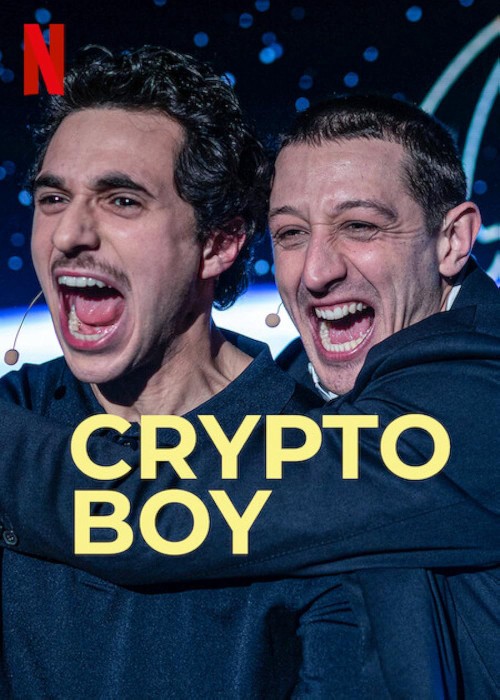 Crypto Boy 2023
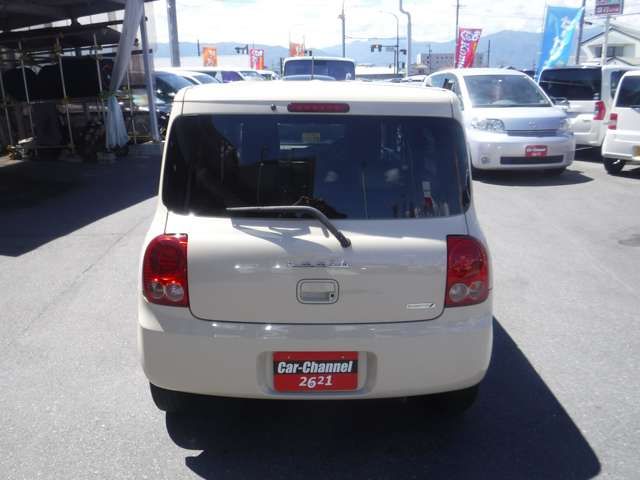 Suzuki LAPIN 2013-05 8188-2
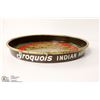Image 2 : 1950S IROQUOIS ALE BEER BAR TRAY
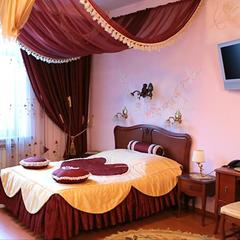 Гостиница ПостоялецЪ, Одинцово, Московская область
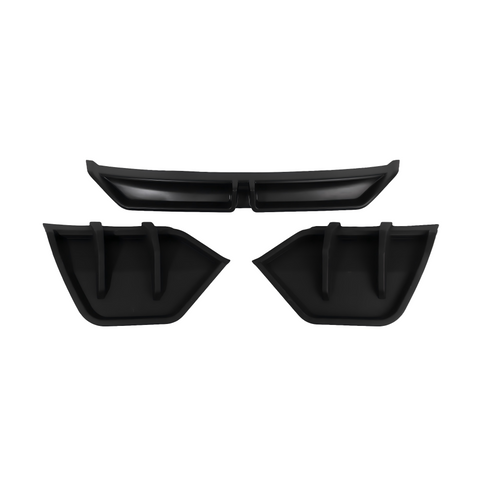 Rear Bumper Spoiler For Model Y Juniper Sleek Protection & Aerodynamic Upgrade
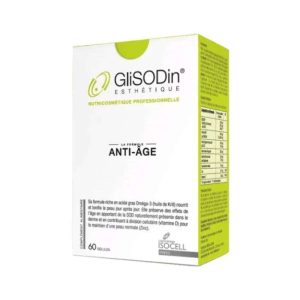 GliSODin Anti-Âge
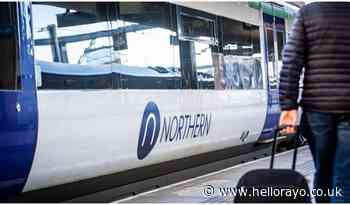 Rawtenstall rail link back on track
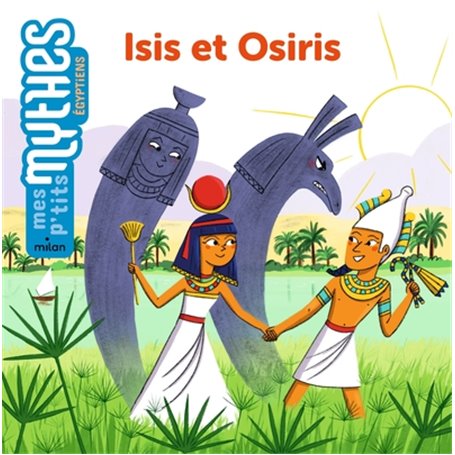 Isis et Osiris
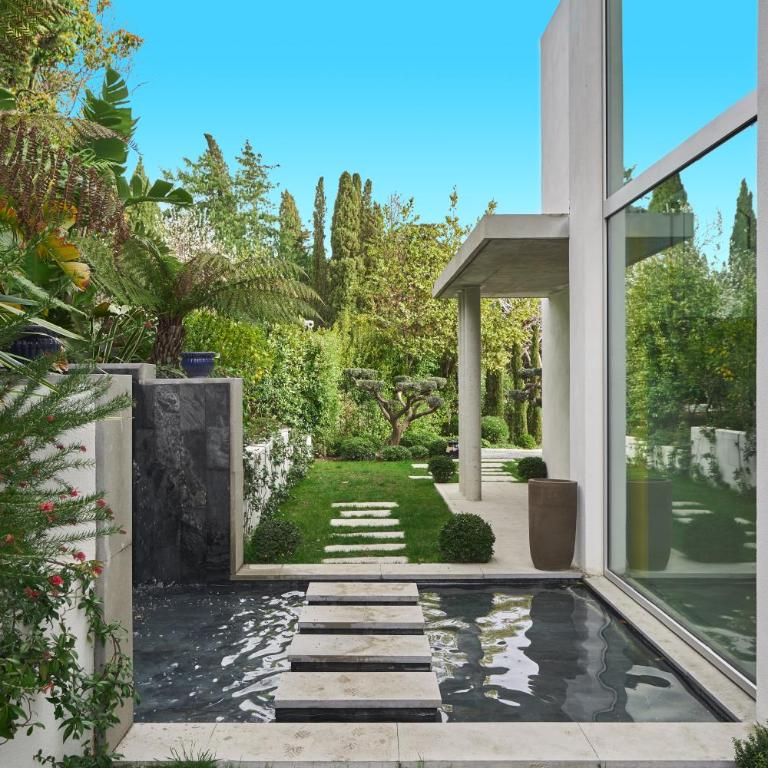 Villa Aquamarine - Villa Deluxe - 11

## The task
Transcribe exactly the lines from the one with "Гостиница ПостоялецЪ, Одинцово, Московская" to the last line of the records, both included, so that no picture appears in the copy.

## Response below
 Гостиница ПостоялецЪ, Одинцово, Московская область
 Rear Bumper Spoiler For Model Y Juniper Sleek Protection & Aerodynamic Upgrade
 GliSODin Anti-Âge
 Rawtenstall rail link back on track
 Isis et Osiris
 Villa Aquamarine - Villa Deluxe - 11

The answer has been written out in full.